### What is required
All of the data is to be printed exactly, though the images must be left off.
*** Dataset Section Begins ***
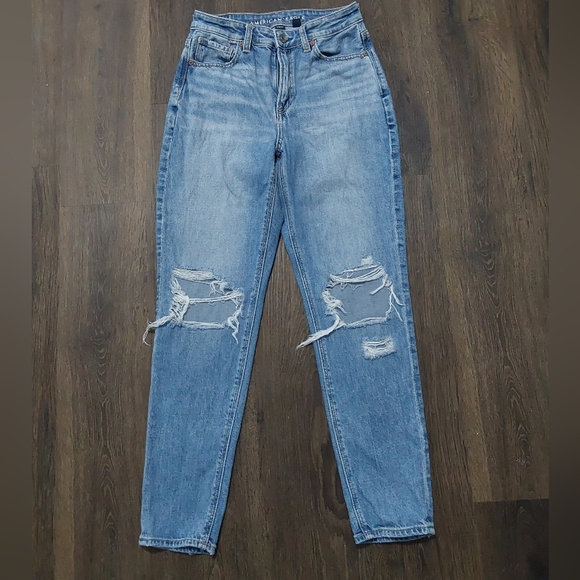 AMERICAN EAGLE NWOT Strigid Mom Jeans - Picture 2 of 6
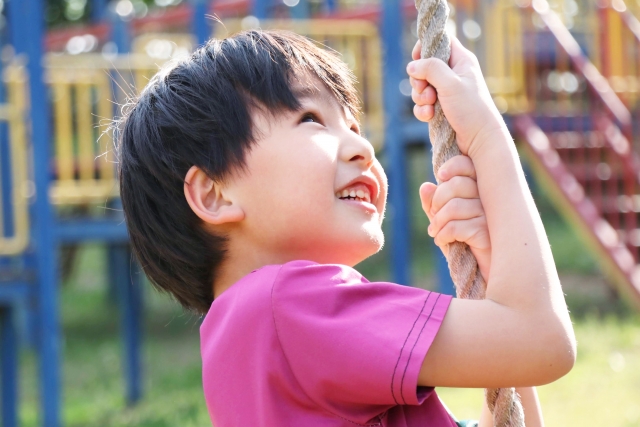 遊具で遊ぶ男の子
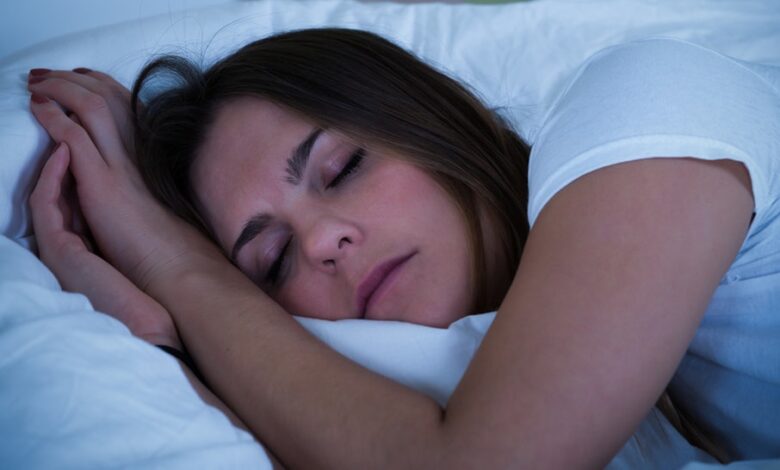 6 Clear Signs That You Sleep Too Much.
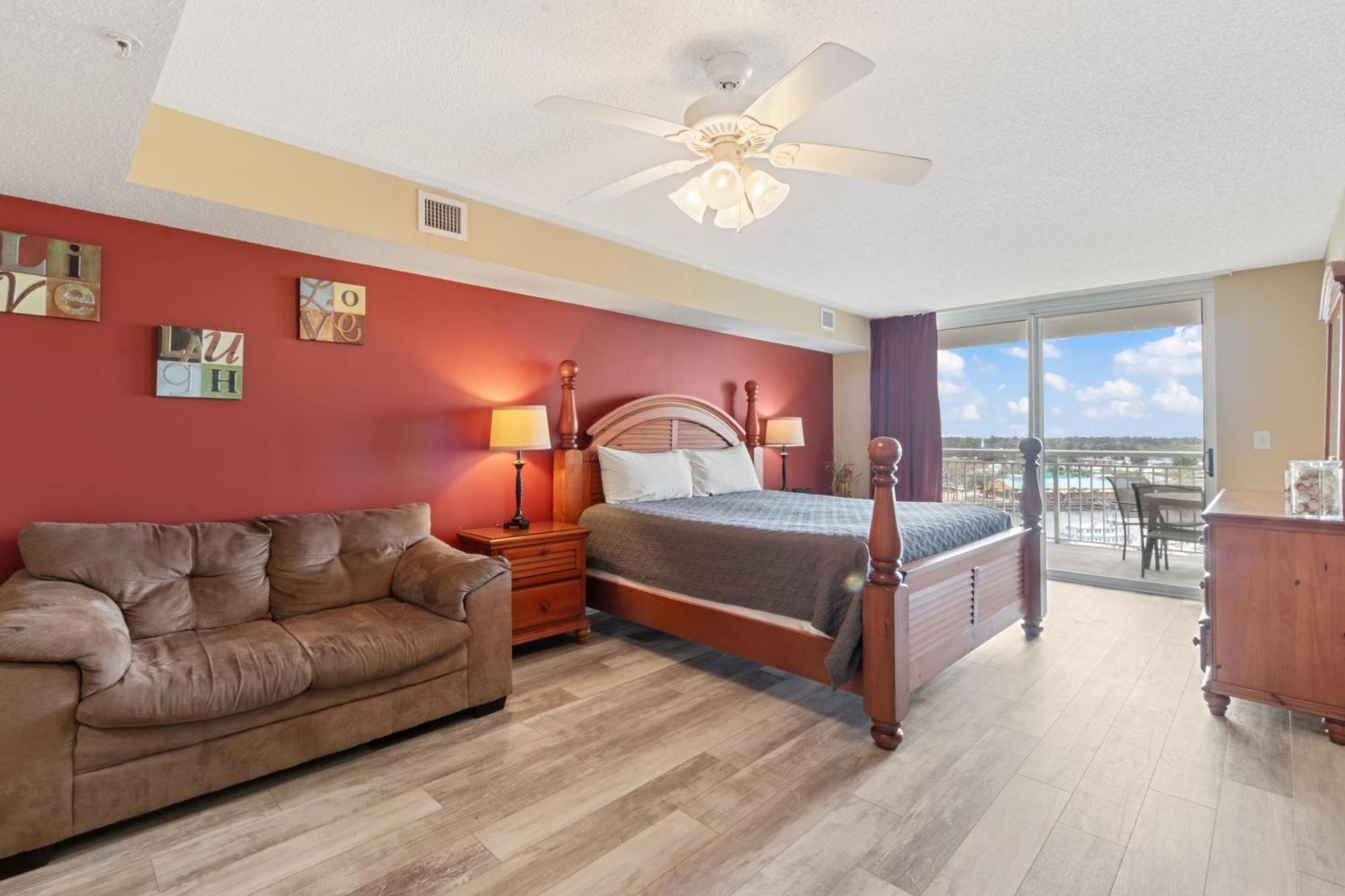 Apartment Yacht Club #1- 1005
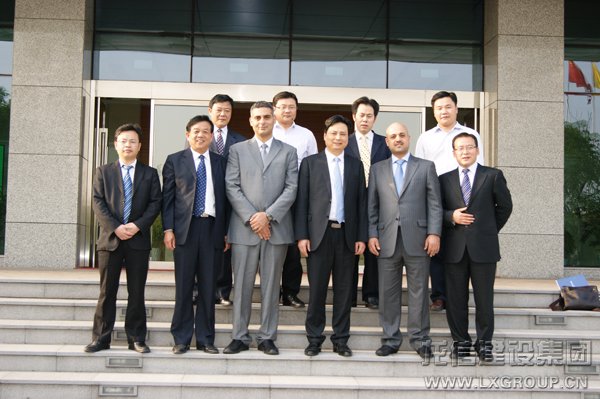 沙特奥斯曼集团副主席阿仆杜拉参访集团公司_优惠活动办理大厅有限公司-衡宇修建工程总承包|全装修品牌向导者|国家住宅工业化基地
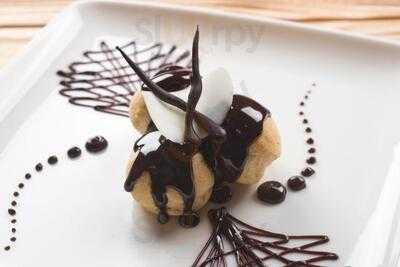 Bonibon Patisserie & Cafe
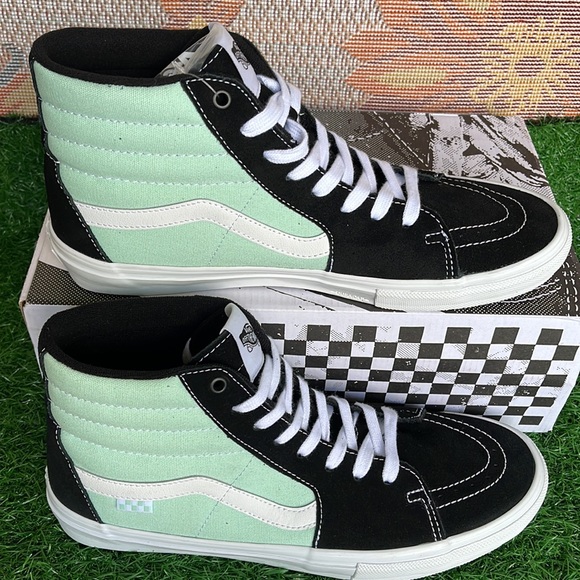 Vans Men’s Skate Sk8-Hi
Mint
VN0A5FCCM2T Sneakers - Picture 2 of 16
*** Dataset Section Ends ***
### Expected answer
 AMERICAN EAGLE NWOT Strigid Mom Jeans - Picture 2 of 6
 遊具で遊ぶ男の子
 6 Clear Signs That You Sleep Too Much.
 Apartment Yacht Club #1- 1005
 沙特奥斯曼集团副主席阿仆杜拉参访集团公司_优惠活动办理大厅有限公司-衡宇修建工程总承包|全装修品牌向导者|国家住宅工业化基地
 Bonibon Patisserie & Cafe
 Vans Men’s Skate Sk8-Hi
Mint
VN0A5FCCM2T Sneakers - Picture 2 of 16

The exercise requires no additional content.